Alexandre Gagné (born January 29, 1992) is a Canadian professional football linebacker for the Montreal Alouettes of the Canadian Football League (CFL).

==University career==
Gagné played U Sports football with the Sherbrooke Vert et Or.

==Professional career==
===Saskatchewan Roughriders===
Gagné was not selected in the 2016 CFL draft and returned to play his final year of eligibility at Sherbrooke in 2016. He later attended a tryout camp held by the Saskatchewan Roughriders in 2017 and was signed by the team as an undrafted free agent on April 25, 2017. He began the season on the practice roster and was promoted to the active roster to play in his first professional football game on September 9, 2017 against the Winnipeg Blue Bombers in the Banjo Bowl.

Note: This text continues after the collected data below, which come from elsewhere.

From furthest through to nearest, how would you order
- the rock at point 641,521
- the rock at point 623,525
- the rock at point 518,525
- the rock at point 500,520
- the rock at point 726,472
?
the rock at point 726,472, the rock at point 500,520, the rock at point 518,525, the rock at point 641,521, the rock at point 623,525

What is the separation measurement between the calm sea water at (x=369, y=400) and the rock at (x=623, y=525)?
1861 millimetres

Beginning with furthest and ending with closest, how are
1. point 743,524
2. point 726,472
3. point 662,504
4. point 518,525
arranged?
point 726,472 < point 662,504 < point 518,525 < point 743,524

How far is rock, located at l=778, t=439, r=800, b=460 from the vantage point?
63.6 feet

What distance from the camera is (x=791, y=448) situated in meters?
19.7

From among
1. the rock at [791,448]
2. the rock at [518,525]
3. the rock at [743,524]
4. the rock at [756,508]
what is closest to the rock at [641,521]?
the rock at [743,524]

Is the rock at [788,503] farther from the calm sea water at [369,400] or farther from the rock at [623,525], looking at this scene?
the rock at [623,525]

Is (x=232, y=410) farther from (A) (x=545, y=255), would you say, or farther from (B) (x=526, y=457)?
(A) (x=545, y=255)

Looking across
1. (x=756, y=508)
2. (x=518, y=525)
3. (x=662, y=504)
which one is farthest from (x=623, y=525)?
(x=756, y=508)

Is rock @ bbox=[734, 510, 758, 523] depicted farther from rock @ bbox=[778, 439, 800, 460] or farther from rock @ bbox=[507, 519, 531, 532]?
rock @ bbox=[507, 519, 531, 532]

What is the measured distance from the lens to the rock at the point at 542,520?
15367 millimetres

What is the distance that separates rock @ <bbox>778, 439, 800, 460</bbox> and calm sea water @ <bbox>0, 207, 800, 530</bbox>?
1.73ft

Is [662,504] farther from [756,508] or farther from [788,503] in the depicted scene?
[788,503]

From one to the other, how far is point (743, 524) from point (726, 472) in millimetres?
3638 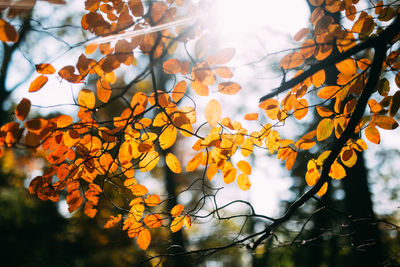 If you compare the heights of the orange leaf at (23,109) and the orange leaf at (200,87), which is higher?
the orange leaf at (200,87)

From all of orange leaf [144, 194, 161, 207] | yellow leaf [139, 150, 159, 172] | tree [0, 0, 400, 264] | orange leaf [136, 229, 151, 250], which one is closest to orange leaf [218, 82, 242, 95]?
tree [0, 0, 400, 264]

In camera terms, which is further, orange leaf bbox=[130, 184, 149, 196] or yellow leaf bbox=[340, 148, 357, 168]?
orange leaf bbox=[130, 184, 149, 196]

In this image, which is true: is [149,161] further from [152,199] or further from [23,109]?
[23,109]

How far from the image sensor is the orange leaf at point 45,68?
1080 mm

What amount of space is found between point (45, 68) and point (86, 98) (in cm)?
22

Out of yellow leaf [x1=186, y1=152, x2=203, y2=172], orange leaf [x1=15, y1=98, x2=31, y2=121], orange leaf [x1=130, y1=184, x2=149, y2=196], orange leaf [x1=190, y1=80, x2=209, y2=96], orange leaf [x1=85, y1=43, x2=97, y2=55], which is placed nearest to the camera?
orange leaf [x1=15, y1=98, x2=31, y2=121]

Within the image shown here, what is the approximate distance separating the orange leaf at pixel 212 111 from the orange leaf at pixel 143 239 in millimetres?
835

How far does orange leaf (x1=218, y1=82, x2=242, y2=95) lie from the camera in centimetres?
114

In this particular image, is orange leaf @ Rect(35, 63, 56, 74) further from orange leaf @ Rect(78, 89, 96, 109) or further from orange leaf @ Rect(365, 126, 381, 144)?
orange leaf @ Rect(365, 126, 381, 144)

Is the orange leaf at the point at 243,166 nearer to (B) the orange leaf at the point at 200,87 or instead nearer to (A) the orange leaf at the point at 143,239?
(B) the orange leaf at the point at 200,87

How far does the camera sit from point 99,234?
347 inches

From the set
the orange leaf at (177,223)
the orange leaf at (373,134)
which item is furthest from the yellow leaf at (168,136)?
the orange leaf at (373,134)

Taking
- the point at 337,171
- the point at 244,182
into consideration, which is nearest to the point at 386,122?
the point at 337,171

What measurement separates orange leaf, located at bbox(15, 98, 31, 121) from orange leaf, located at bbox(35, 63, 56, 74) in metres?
0.15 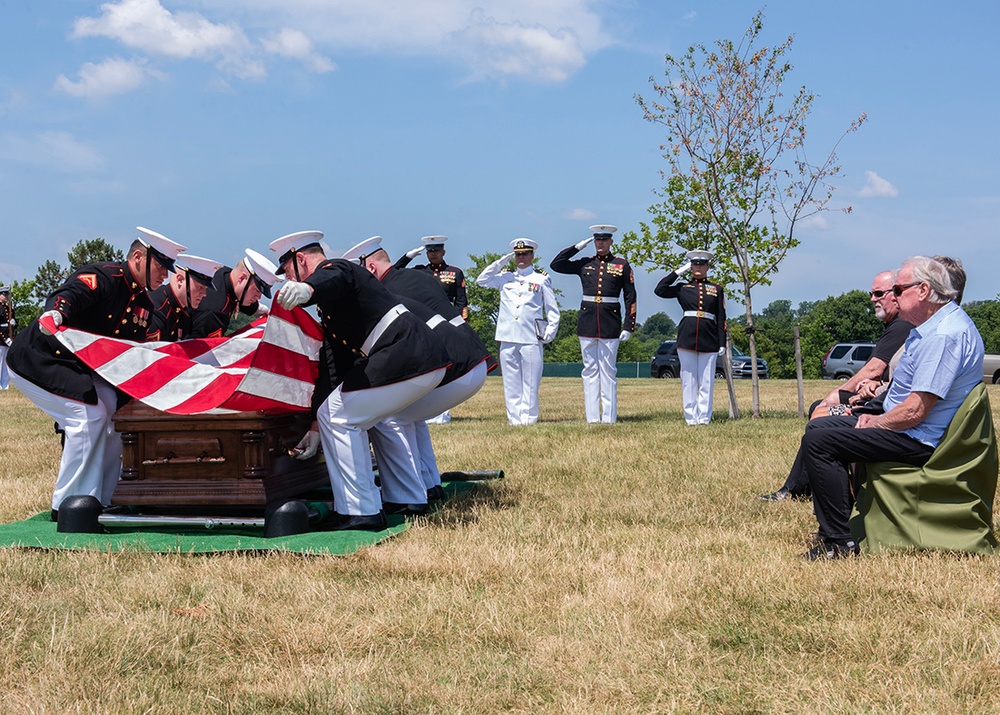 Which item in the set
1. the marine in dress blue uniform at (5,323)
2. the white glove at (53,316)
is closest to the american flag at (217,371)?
the white glove at (53,316)

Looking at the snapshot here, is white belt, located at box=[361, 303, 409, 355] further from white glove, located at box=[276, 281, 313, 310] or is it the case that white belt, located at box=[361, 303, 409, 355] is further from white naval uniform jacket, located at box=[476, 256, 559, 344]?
white naval uniform jacket, located at box=[476, 256, 559, 344]

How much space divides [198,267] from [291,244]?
1.91 metres

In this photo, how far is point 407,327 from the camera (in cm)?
629

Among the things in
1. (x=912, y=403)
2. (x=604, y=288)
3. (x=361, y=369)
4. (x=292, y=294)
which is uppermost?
(x=604, y=288)

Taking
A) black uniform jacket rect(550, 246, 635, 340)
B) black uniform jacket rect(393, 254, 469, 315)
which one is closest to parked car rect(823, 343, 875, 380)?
black uniform jacket rect(550, 246, 635, 340)

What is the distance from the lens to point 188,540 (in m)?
6.02

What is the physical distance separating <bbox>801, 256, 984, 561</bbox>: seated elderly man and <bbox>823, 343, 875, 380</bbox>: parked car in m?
31.0

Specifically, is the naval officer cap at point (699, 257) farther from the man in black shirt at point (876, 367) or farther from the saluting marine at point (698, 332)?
the man in black shirt at point (876, 367)

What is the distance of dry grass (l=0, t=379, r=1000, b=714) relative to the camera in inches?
140

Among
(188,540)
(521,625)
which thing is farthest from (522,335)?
(521,625)

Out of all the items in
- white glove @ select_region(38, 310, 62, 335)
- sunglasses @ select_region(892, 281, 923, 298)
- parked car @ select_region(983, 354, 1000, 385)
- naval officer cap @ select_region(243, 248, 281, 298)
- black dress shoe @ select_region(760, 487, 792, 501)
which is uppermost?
naval officer cap @ select_region(243, 248, 281, 298)

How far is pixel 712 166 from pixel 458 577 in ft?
36.0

For the 2018 season, Gagné sat out the season opener, but played in the remaining 17 regular season games as he finished third in the league with 23 special teams tackles. He also played in his first post-season game in the West Semi-Final loss to the Blue Bombers that year. In 2019, he played in all 18 regular season games and had 19 special teams tackles. He became a free agent during the following off-season.

===Montreal Alouettes===
Gagné signed with the Montreal Alouettes on February 12, 2020. However, he did not play in 2020 as the 2020 CFL season was cancelled. In 2021, Gagné played in all 14 regular season games where he had 18 special teams tackles and one forced fumble. In the following season, he played in 18 regular season games where he had 15 special teams tackles.